In some instances the employee assistance program data (e.g. employee psychiatric counseling, marital
counseling, or drug rehab) is even considered in the analysis. The employees are completely unaware that
their personal information is being used for such an analysis.
The data is cross referenced to identify patterns of employee profile types. The purpose of
the analysis is to determine profiles of employees most likely to make workers compensation claims,
quit their jobs without notice, file sexual harassment claims, take excessive sick days, or make
significant health insurance claims that can cost the employer more money. These "high risk"
employee profiles are then used as part of their employment screening process and promotion decisions.
The employer justifies the use of such data on the basis that it results in generic profiles
for sound business risk decisions, not discrimination purposes. However, if you happen to
fall on the wrong side of the "generic" profile, it's difficult to see how it's not discriminating for you.
Furthermore, what about the privacy rights of the employees whose personal information was used for the analytics?
Also, consumer personal information uses is on the rise by businesses. Analytics is used by many companies to
target consumers for marketing purposes, price products and services, and assess internal risks. Experian offers
services and products for small businesses to purchase reports and gain access to their database of 215 million consumers.
Their small business customers are able to cross reference the credit bureau's database of consumer personal
information with their own internal data to "profile" consumers to market their products to and to identify
the "type" of consumer that is most profitable for them.
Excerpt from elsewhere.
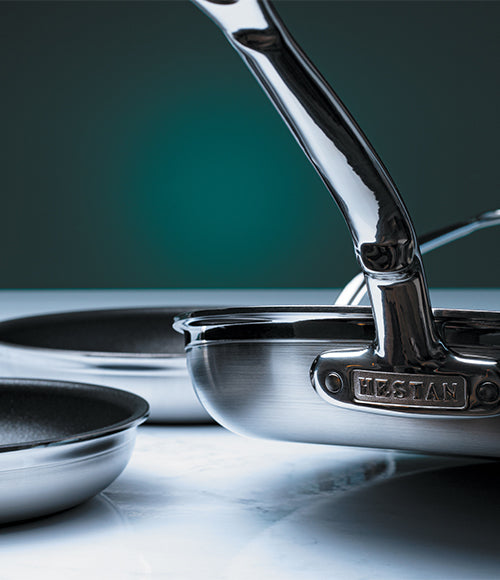Close-up of stainless steel cookware against a dark background. The focus is on the polished handle and the brand name HESTAN engraved on a metal piece. Two pans with dark interiors are partially visible on a white marble surface.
Consequently, we are increasingly seeing industry based credit scores growing industry by industry.
One example of consumer personal information uses is by insurance companies. They use insurance industry
data to cross reference consumer personal information to calculate credit based insurance scores to
identify "high risk" drivers or life insurance applicants. The personal credit information may have
nothing to do with a driver's risk of an accident. However the insurance scores are used to determine
the amount of the insurance premiums for insurance applicants.
So although you may not yet be fully aware of all of the personal information uses affecting you,
eventually you experience the affects. Personal information uses is growing and there's no end in
sight. So know your rights to protect your personal information and also why it's important to legally improve your credit.